GIVEN DATA
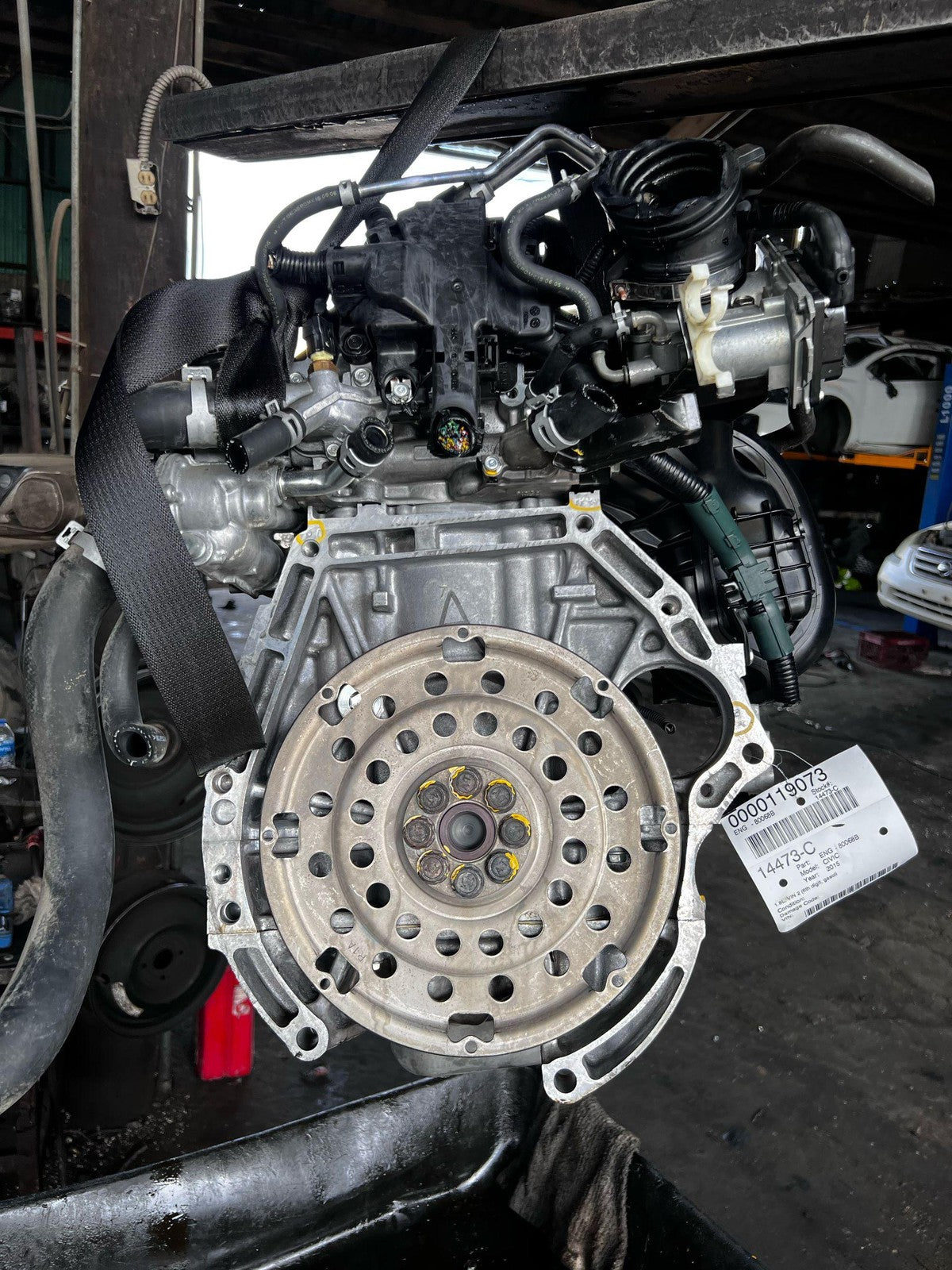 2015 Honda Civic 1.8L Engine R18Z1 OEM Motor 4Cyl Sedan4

---

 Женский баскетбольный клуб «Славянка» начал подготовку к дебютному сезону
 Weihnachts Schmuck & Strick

REQUIRED WORK
An exact, complete copy of the lines above from the one with "Женский баскетбольный клуб" through the one with "Weihnachts Schmuck & Strick" is the whole answer.

OUTPUT OF THE TASK
 Женский баскетбольный клуб «Славянка» начал подготовку к дебютному сезону
 Weihnachts Schmuck & Strick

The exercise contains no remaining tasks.